Kaštel Novi is a settlement within the town of Kaštela in Dalmatia, Croatia. Its name means new castle.

==History==
Kaštel Novi was founded in 1512.

The Fortified village of Cippico-after the fall of Bosnia in 1463, Dalmatia, which was at the time part of the Venetian Republic, faced danger from the Ottoman invaders. In 1537, Klis fell under their administration, and the Kastela field was exposed to their frequent inclusions.
From the end of the 15th century until the 17th century, landowners between Split and Togir-the Split archbishopric, the Benedictine monastery as well as the noblemen of Trogir and Split, built seventeen forts and twelve fortified villages wishing to protect their land and people. it is after these forts citadels that the entire area was named Kastela (Citadels).

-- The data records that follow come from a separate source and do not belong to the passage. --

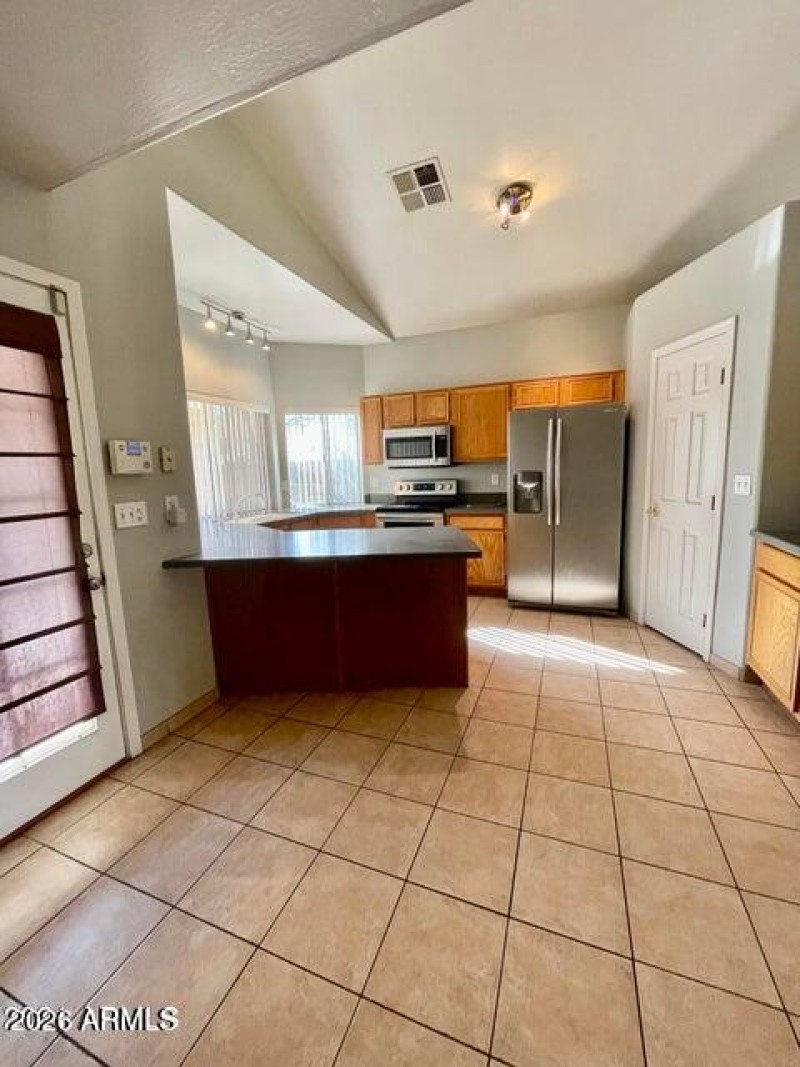 20211226221811117901000000-o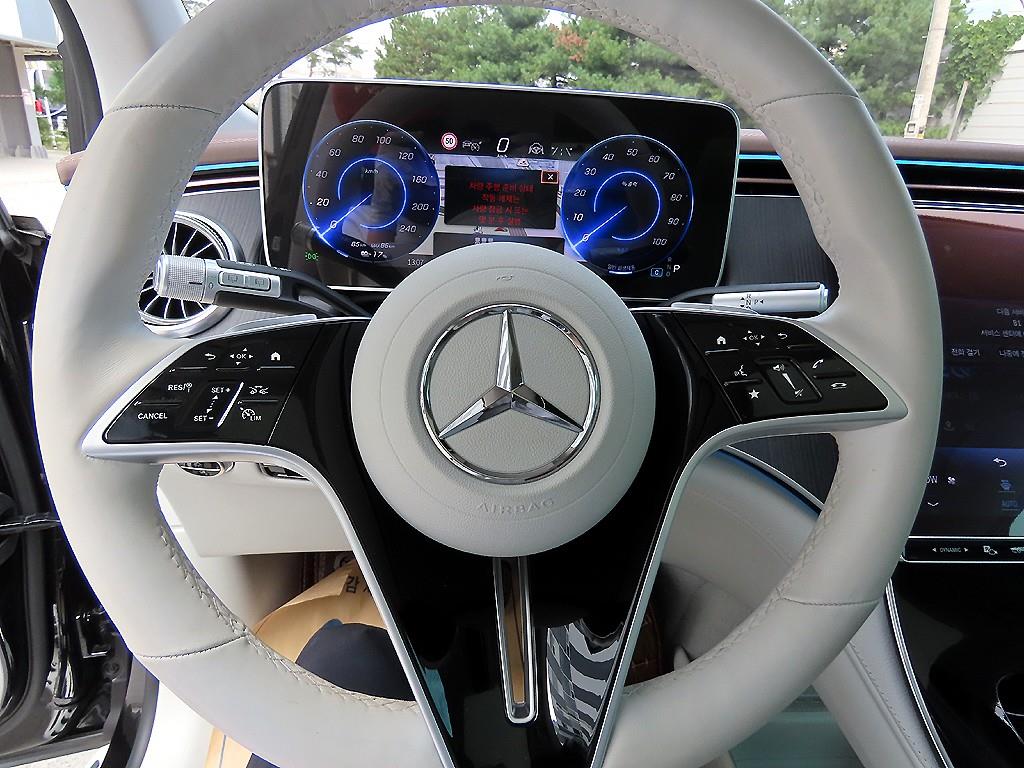 Mercedes-Benz EQS — photo 08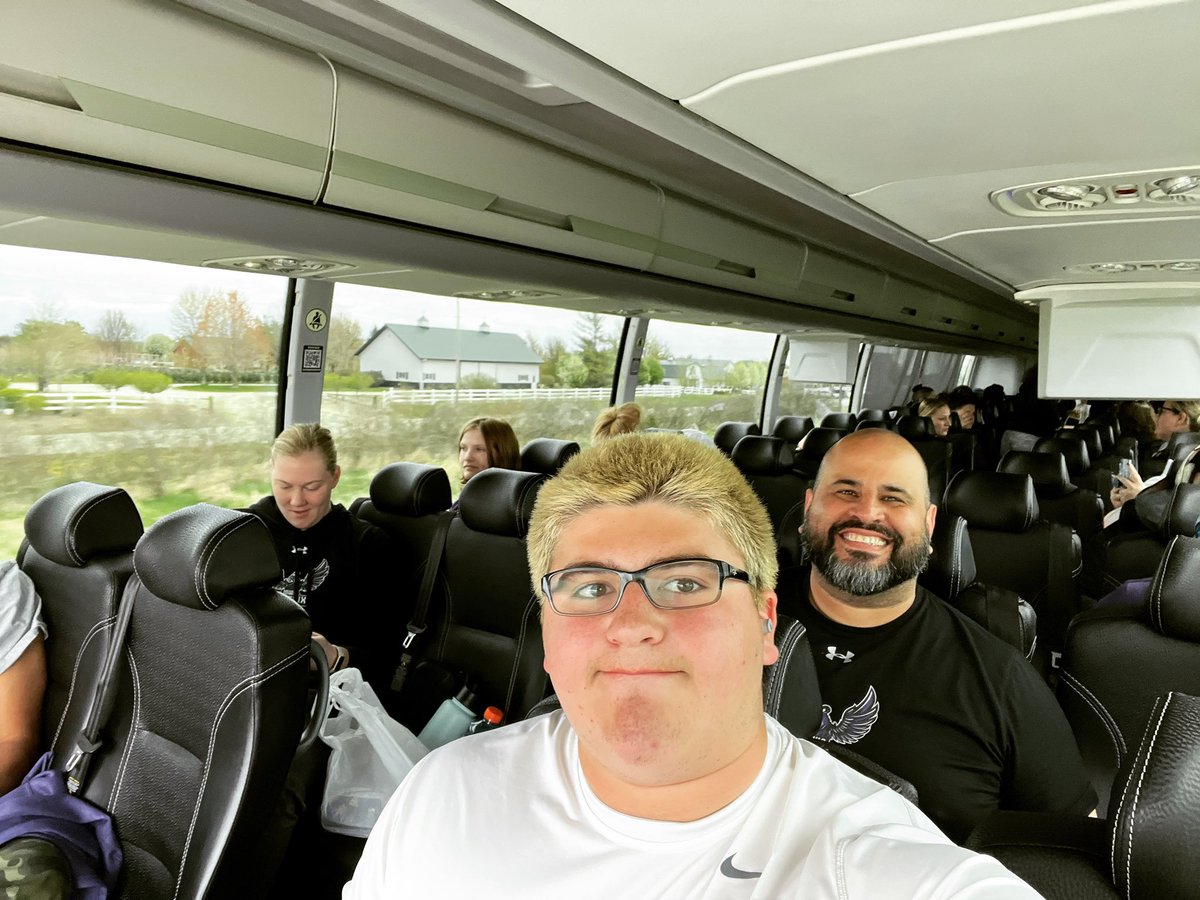 RickyDragoni's tweet photo. The @IowaPhoenix are on their way to South Dakota! #football #family #coach #coaching #fatherhood #womensfootball #iowa #iowaphoenixfootball #iowaphoenix #fatherhood https://t.co/cW8U7Yxds3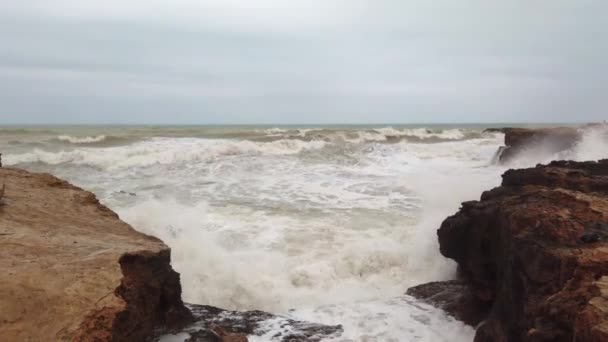 Water stroomt over het rotsachtige oppervlak en golven maken wit schuim. — Stockvideo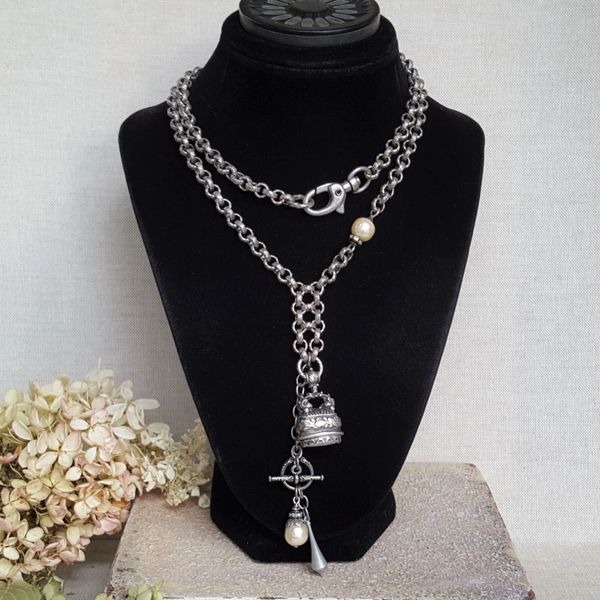 MERYL - Antiqued Silver Fob and Pearl Necklace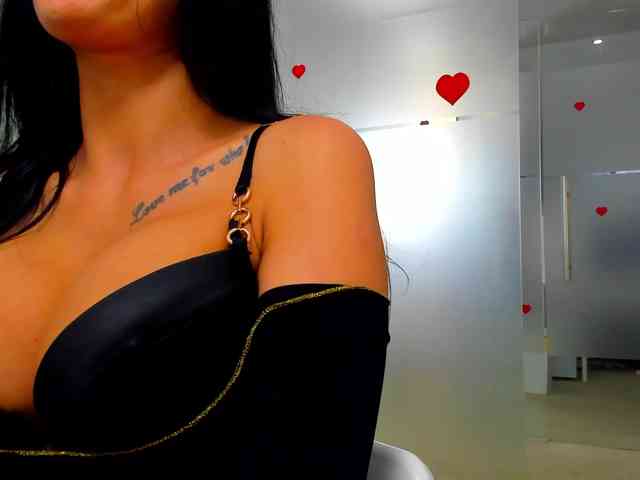 Rafaelleee webcam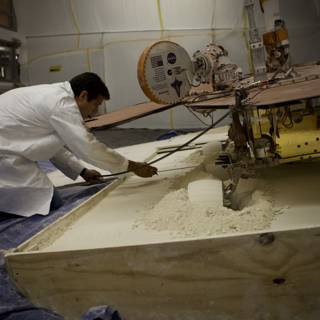 Manufacturing the Unstuck Mars Rover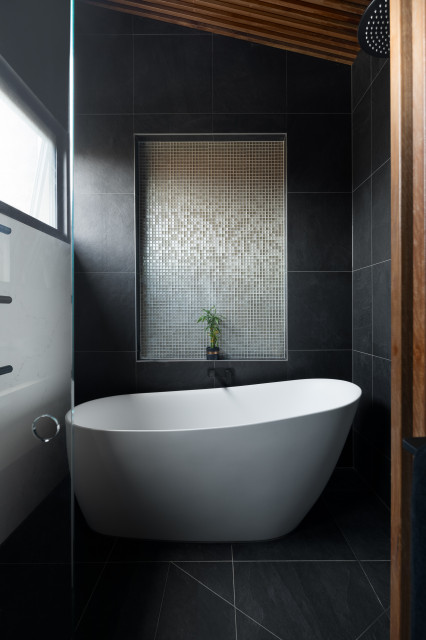 Contemporary Homes trendy-badevaerelse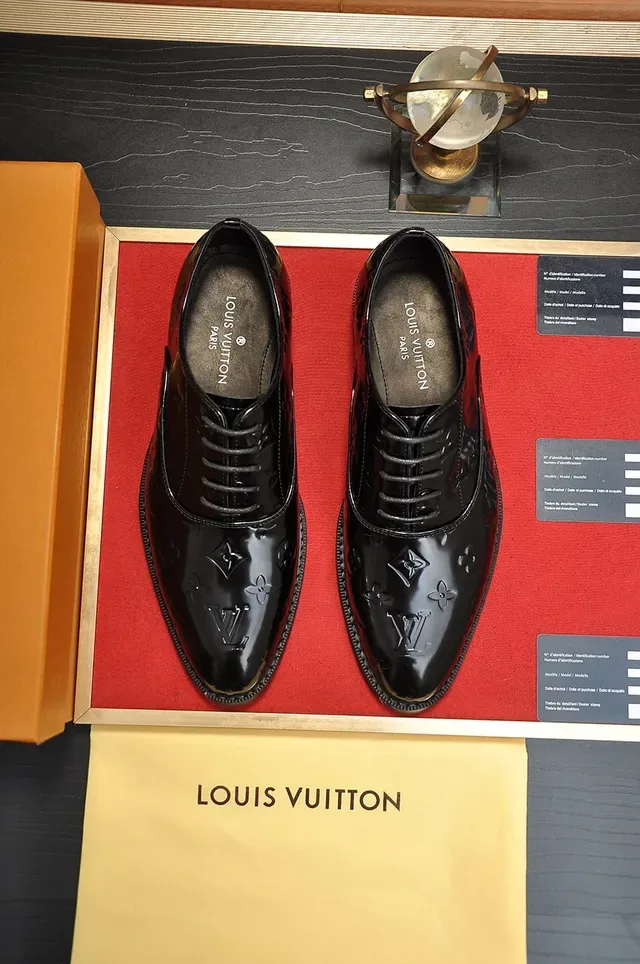Louis Vuitton Monogram Sapatos Oxford de Couro Patentado 5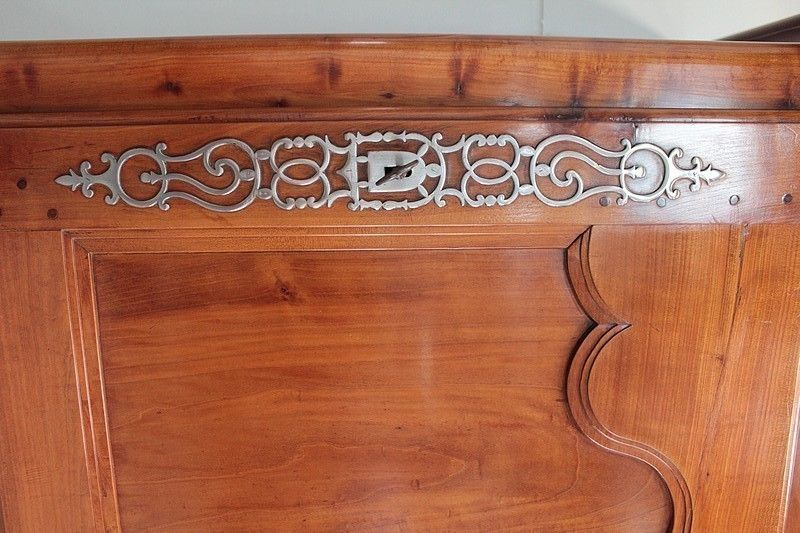 Cabinet Vendéen Louis XV Cherry 19th photo 4028.33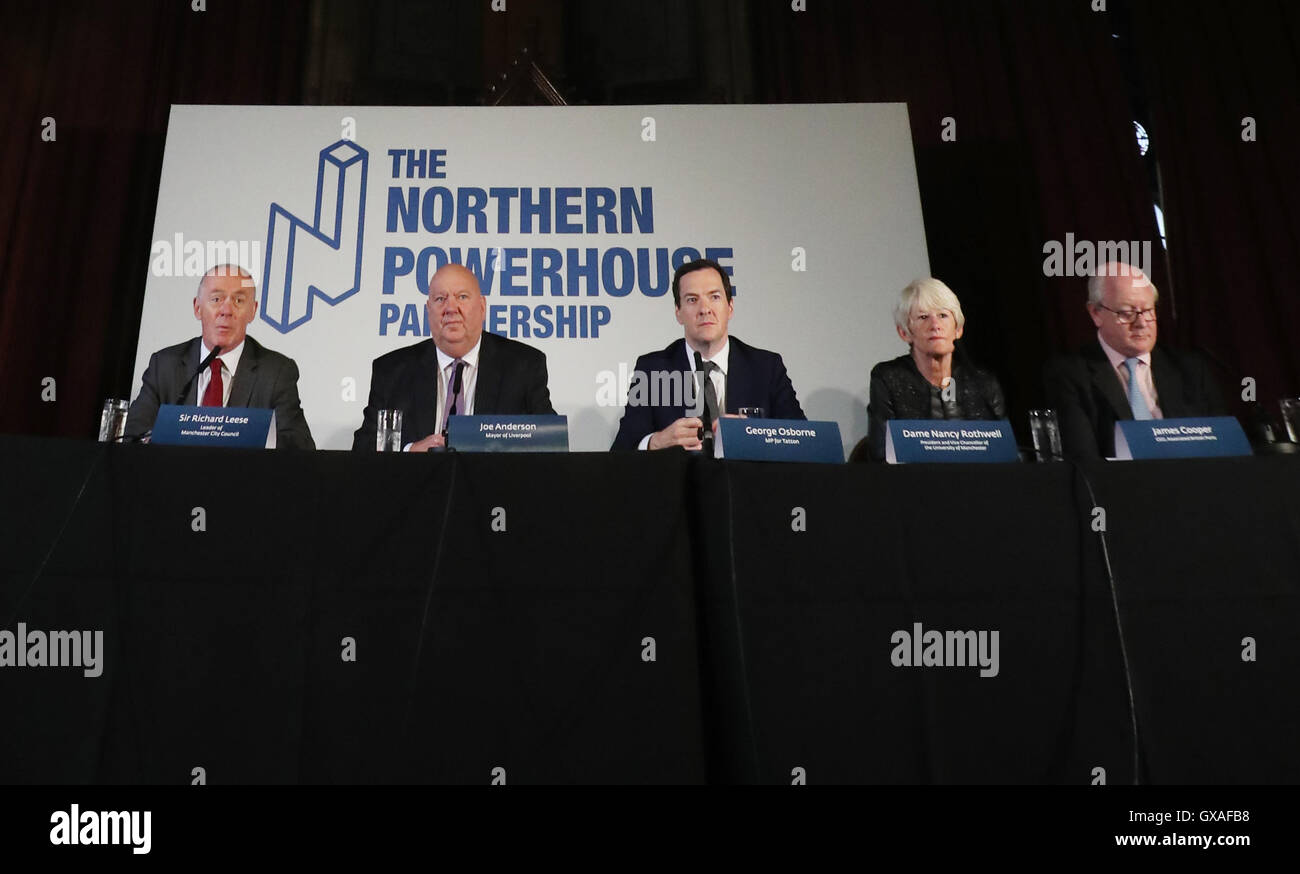 (links nach rechts) Sir Richard Leese Führer von Manchester City Council, Joe Anderson Bürgermeister von Liverpool, ehemaliger Bundeskanzler George Osborne, Dame Nancy Rothwell Präsident und Vize-Kanzler der Universität Manchester und James Cooper Chief Executive ABP während einer Durchsage über Osbornes nördlichen Kraftpaket Projekt im Rathaus von Manchester, Manchester. Stockfoto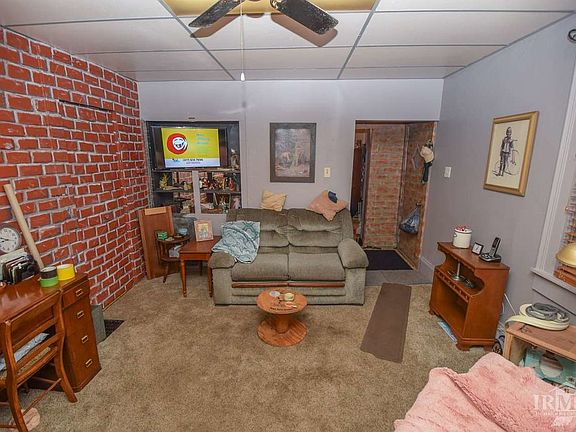 5th image of 1001 W Charles St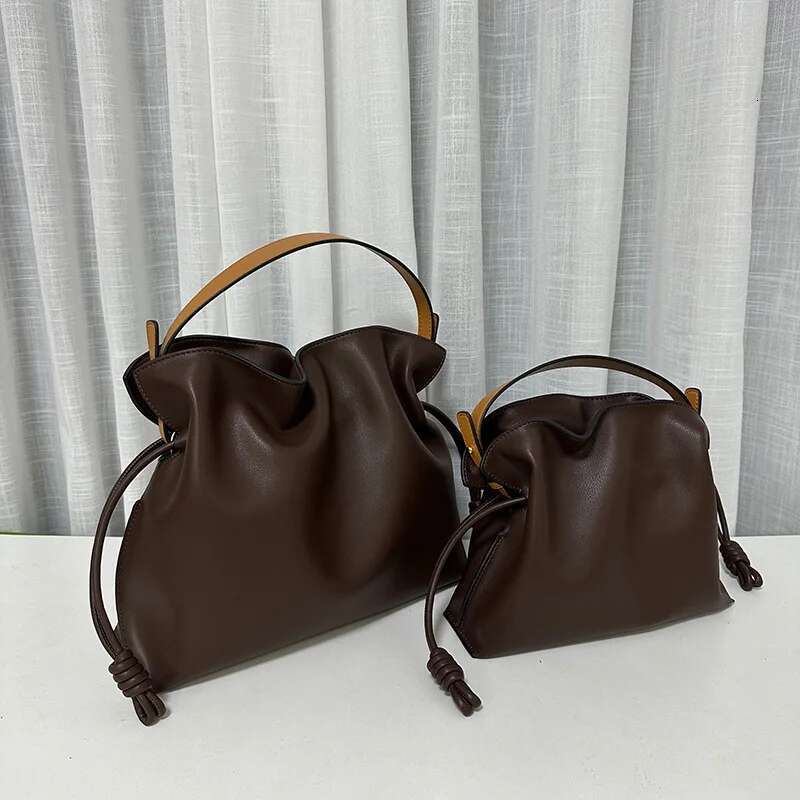 Real leather cowhide drawstring bucket bag, one-shoulder women's handbag versatile and fashionable pleated bag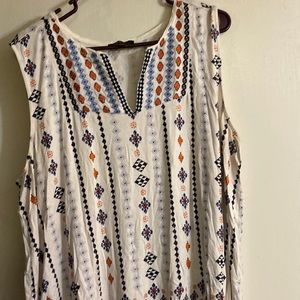 Sleeveless top not new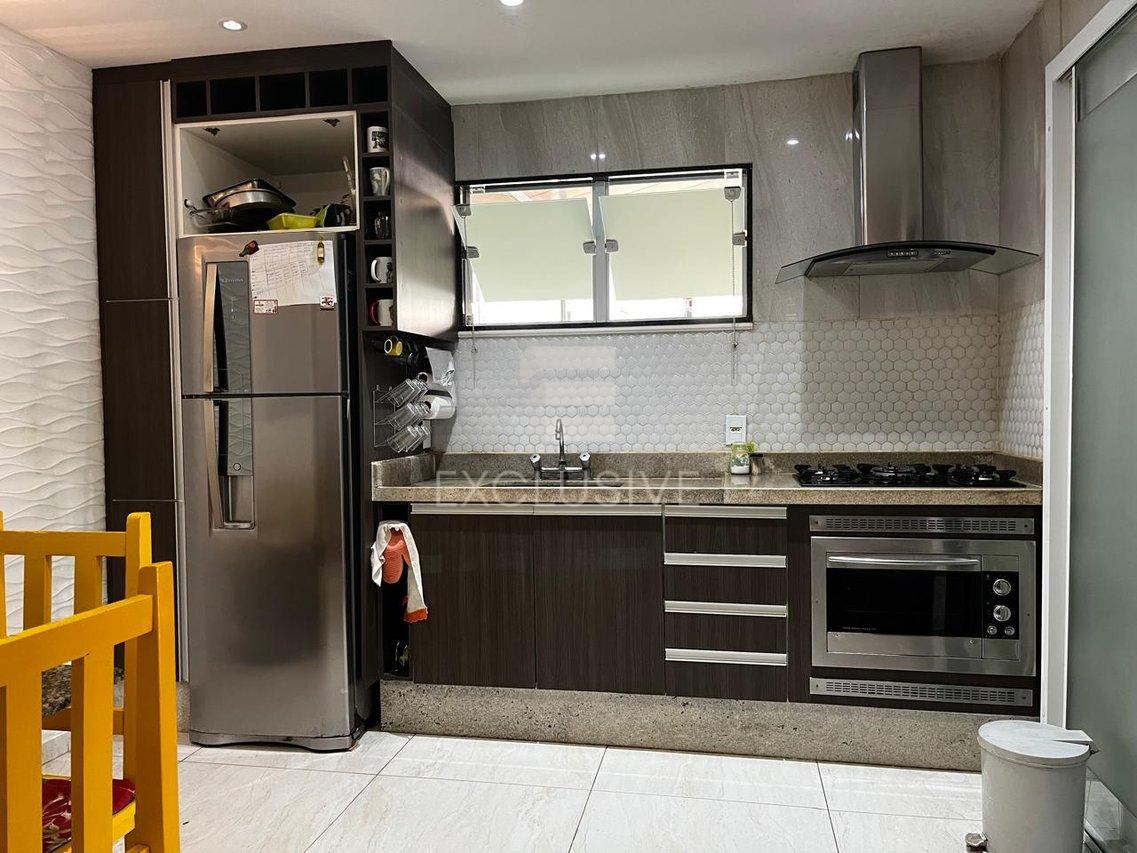 Excelente casa 3 quartos - R$520.000,00 - Sitio são Luiz - Nova Friburgo Rua Margarida Nova Friburgo -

In the beginning of the 16th century, Pavao Antun Cippico, a nobleman from Trogir and nephew of Kariolan Cippico, built a tower on the rocks. the fortified village of citadel Cippico was first mentioned in 1515. It developed on the filled in area north of the tower. The village was fortified by a defensive wall on the east, north and west with towers on the northeastern and northwestern corners. The village walls were about 7 metre high and originally had a wooden walkway. The contours of the walls have been preserved in the walls of the houses. The fortified village had one exit-the northern gate that was accessed over the stone bridge onto which a drawbridge was lowered. Following the end of the dangers, the village spread outside of the walls, the area in front of the citadel was filled in which is how 'Brce' developed, an urban type village square with a baroque monumental building of the Fraternity of St Peter built in the 18th century.
At the end of the 19th century, a marina developed in front of the village. The Katalinic family built storage warehouses by the tower, on the shore.
The Parish Church of Ste Peter built in 1902 stands on the west, outside of the walls of the fortified village, at the site of a medieval church and monastery of St Peter of Klobucac from the 17th century. Part of its apse belonged to the older church from the 18th century.